- [Work request]: Could you reproduce all of the entries below without a single change?

[Dataset records]
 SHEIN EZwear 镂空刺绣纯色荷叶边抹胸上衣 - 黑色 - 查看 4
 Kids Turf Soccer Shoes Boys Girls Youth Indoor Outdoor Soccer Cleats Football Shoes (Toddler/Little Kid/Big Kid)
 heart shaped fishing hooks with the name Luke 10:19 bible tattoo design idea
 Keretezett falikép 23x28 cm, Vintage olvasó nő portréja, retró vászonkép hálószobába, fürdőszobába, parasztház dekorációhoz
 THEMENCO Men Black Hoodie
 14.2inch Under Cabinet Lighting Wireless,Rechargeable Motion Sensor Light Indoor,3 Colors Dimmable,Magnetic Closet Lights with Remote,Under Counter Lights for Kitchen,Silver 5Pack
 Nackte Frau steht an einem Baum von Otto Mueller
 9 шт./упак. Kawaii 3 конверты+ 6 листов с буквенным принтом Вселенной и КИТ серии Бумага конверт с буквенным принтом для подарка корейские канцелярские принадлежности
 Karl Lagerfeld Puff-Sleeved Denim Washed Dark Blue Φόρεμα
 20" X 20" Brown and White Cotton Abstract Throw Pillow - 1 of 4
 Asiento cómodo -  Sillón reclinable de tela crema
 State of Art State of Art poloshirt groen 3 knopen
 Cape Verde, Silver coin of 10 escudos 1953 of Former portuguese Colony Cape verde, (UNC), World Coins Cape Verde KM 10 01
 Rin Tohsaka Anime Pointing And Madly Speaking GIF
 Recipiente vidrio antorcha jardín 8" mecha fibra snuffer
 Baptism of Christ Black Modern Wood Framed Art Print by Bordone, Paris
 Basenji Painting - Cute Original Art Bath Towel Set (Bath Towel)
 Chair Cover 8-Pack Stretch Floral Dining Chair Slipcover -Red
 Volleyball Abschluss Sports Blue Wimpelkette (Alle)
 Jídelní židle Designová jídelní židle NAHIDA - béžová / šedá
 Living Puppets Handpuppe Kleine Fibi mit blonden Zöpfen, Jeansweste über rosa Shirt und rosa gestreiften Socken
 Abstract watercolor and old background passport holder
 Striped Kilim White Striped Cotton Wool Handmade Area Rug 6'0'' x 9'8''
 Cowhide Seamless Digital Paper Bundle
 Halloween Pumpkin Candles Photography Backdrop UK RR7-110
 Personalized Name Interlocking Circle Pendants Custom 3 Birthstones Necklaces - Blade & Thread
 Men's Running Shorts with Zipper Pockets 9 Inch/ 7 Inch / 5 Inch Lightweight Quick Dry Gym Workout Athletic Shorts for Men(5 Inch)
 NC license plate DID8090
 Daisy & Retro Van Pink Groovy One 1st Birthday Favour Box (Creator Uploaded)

- [Task solution]:
 SHEIN EZwear 镂空刺绣纯色荷叶边抹胸上衣 - 黑色 - 查看 4
 Kids Turf Soccer Shoes Boys Girls Youth Indoor Outdoor Soccer Cleats Football Shoes (Toddler/Little Kid/Big Kid)
 heart shaped fishing hooks with the name Luke 10:19 bible tattoo design idea
 Keretezett falikép 23x28 cm, Vintage olvasó nő portréja, retró vászonkép hálószobába, fürdőszobába, parasztház dekorációhoz
 THEMENCO Men Black Hoodie
 14.2inch Under Cabinet Lighting Wireless,Rechargeable Motion Sensor Light Indoor,3 Colors Dimmable,Magnetic Closet Lights with Remote,Under Counter Lights for Kitchen,Silver 5Pack
 Nackte Frau steht an einem Baum von Otto Mueller
 9 шт./упак. Kawaii 3 конверты+ 6 листов с буквенным принтом Вселенной и КИТ серии Бумага конверт с буквенным принтом для подарка корейские канцелярские принадлежности
 Karl Lagerfeld Puff-Sleeved Denim Washed Dark Blue Φόρεμα
 20" X 20" Brown and White Cotton Abstract Throw Pillow - 1 of 4
 Asiento cómodo -  Sillón reclinable de tela crema
 State of Art State of Art poloshirt groen 3 knopen
 Cape Verde, Silver coin of 10 escudos 1953 of Former portuguese Colony Cape verde, (UNC), World Coins Cape Verde KM 10 01
 Rin Tohsaka Anime Pointing And Madly Speaking GIF
 Recipiente vidrio antorcha jardín 8" mecha fibra snuffer
 Baptism of Christ Black Modern Wood Framed Art Print by Bordone, Paris
 Basenji Painting - Cute Original Art Bath Towel Set (Bath Towel)
 Chair Cover 8-Pack Stretch Floral Dining Chair Slipcover -Red
 Volleyball Abschluss Sports Blue Wimpelkette (Alle)
 Jídelní židle Designová jídelní židle NAHIDA - béžová / šedá
 Living Puppets Handpuppe Kleine Fibi mit blonden Zöpfen, Jeansweste über rosa Shirt und rosa gestreiften Socken
 Abstract watercolor and old background passport holder
 Striped Kilim White Striped Cotton Wool Handmade Area Rug 6'0'' x 9'8''
 Cowhide Seamless Digital Paper Bundle
 Halloween Pumpkin Candles Photography Backdrop UK RR7-110
 Personalized Name Interlocking Circle Pendants Custom 3 Birthstones Necklaces - Blade & Thread
 Men's Running Shorts with Zipper Pockets 9 Inch/ 7 Inch / 5 Inch Lightweight Quick Dry Gym Workout Athletic Shorts for Men(5 Inch)
 NC license plate DID8090
 Daisy & Retro Van Pink Groovy One 1st Birthday Favour Box (Creator Uploaded)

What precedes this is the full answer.